I use construction block, bags of cement, 5gl buckets of water - whatever I have on hand for weight. (not clamps).
transom must be on a FLAT concrete surface - not on sawhorses.
if your floor is crooked - your new transom will take on that shape.
place newspaper under the edges so you don't glue your project to the floor.
(you would be surprised at how many signmakers have done that !!!) [and yes, me too]
*BDX/BCX* is an exterior grade of pine construction plywood designed for outside use
as long as it is primed and painted. It must say that on the label when you buy it.
BDX/BCX has all the inside voids, knots and splits filled - *CDX* does not. (it has open voids).
there is no reason to spend the extra $$$$ for "marine" plywood if you can find the proper *BDX/BCX* grade.
once BDX/BCX plywood is properly sealed and preserved, it will last you a minimum of 10 years.
annual maintenance (cleaning and fresh varnish or paint) will make it last 40 years.
personally, I have switched from West System epoxy to Raka 900 epoxy. But both are very good.
I use 1.5 - 2 ounce fiberglass chopped stranded mat. "mat" is mostly for flat surfaces.
"cloth" is easier to work around corners and complex shapes. (either one will work fine).
avoid "waxed" polyester resin, if you use it - - - there IS a difference in the poly-resins.
avoid anything that says "polyurethane" varnish or paint - it is for indoor use only.

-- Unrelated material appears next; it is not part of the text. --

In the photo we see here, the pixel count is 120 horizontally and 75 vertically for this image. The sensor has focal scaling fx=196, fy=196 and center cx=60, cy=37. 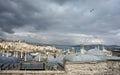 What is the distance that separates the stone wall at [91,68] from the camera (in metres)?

make a template of where it goes.
once you have your transom blank laminated, cut to desired shape and hit both sides 
and all edges with the electric sander.
sand the cut edges smooth. Particularly the fiberglassed seam.
i like to butt the ends right up to the hull - so the backside must be chamferred to fit the
round corners. Vacuum all edges and surfaces.
Then - seal it with the Old Timers Formula followed by your choice of top coat.

that is just about as good as you can make it.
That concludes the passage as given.